At least one of the outputs of your prediction method should contain the prediction labels. In my above example, I simply return the labels themselves, but you may want to return a list where one of the outputs are the prediction labels.

# Using your Classification Technique for Embedding Evaluation

If your algorithm follows the above spec, you can easily use it with the `lol.xval.eval` for classification accuracy of your embedding algorithm. Having the algorithm and its prediction technique sourced:

```
classifier = <your-classifier>
# if your classifier requires additional hyperparameters, a keyworded list
# conaining additional arguments to train your classifier
classifier.opts = list(<additional-arguments>)
# if  your classifier requires no additional hyperparameters
classifier.opts = NaN
# if your classifier prediction returns a list containing the class labels
classifier.return = <return-labels-argname-string>
# if your classifier prediction returns only the class labels
classifier.return = NaN
```

For example, my algorithm can be be set up as follows:

```
classifier = lol.classify.nearestCentroid
classifier.opts = NaN  # my classifier takes no additional arguments, so NaN
classifier.return = NaN  # my classifier returns only the prediction labels, so NaN
```

The algorithm can then be incorporated as a classification technique to evaluate prediction accuracy after performing an embedding:

```
# given data X, Y as above
xval.out <- lol.xval.eval(X, Y, alg=<your-algorithm>, alg.opts=<your-algorithm-opts>,
                          alg.return = <your-algorithm-embedding-matrix>,
                          classifier=classifier, classifier.opts=classifier.opts,
                          classifier.return=classifier.return, k=<k>)
```

See the tutorial vignette `extend_embedding` for details on how to specify `alg`, `alg.opts`, and `alg.return` for a custom embedding algorithm.

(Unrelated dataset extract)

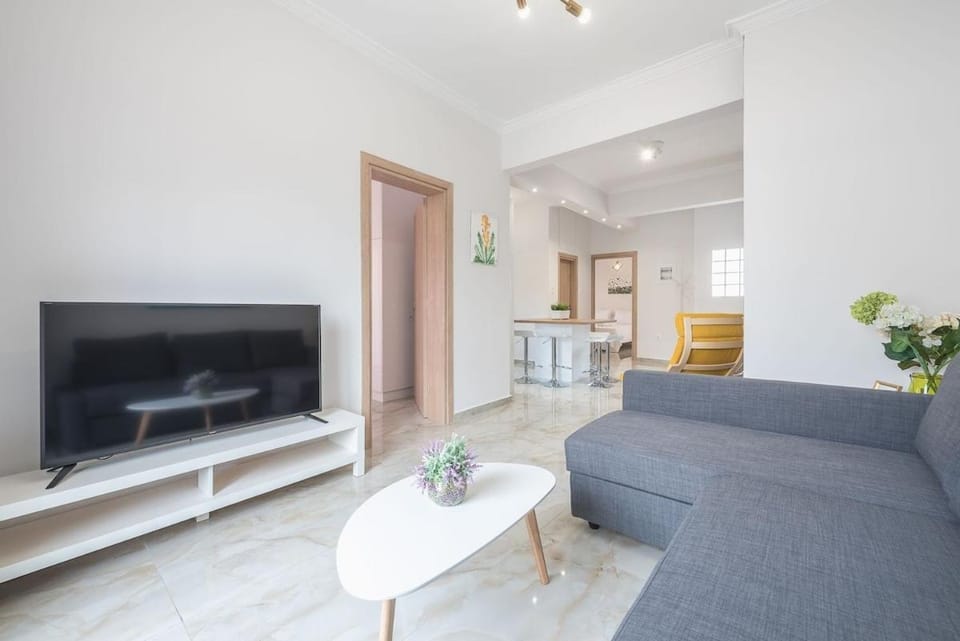 2 bedroom apt at Patisia metro station! Apartment in Athens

Note for instance that the `randomForest` package includes the `rf` classification technique that is compabible with this spec:

```
require(randomForest)
classifier=randomForest
# use the randomForest classifier with the similarity matrix argument
classifier.opts = list(prox=TRUE)
classifier.return = NaN  # predict.randomForest returns only the prediction labels
xval.out <- lol.xval(X, Y, alg=<your-algorithm>, alg.opts=<your-algorithm-opts>,
                     alg.return = <your-algorithm-embedding-matrix>,
                     classifier=classifier, classifier.opts=classifier.opts,
                     classifier.return=classifier.return, k=<k>)
```

Now, you should be able to use your user-defined classification technique, or external classification techniques implementing the `S3` method `stats::predict`, with the `lol` package.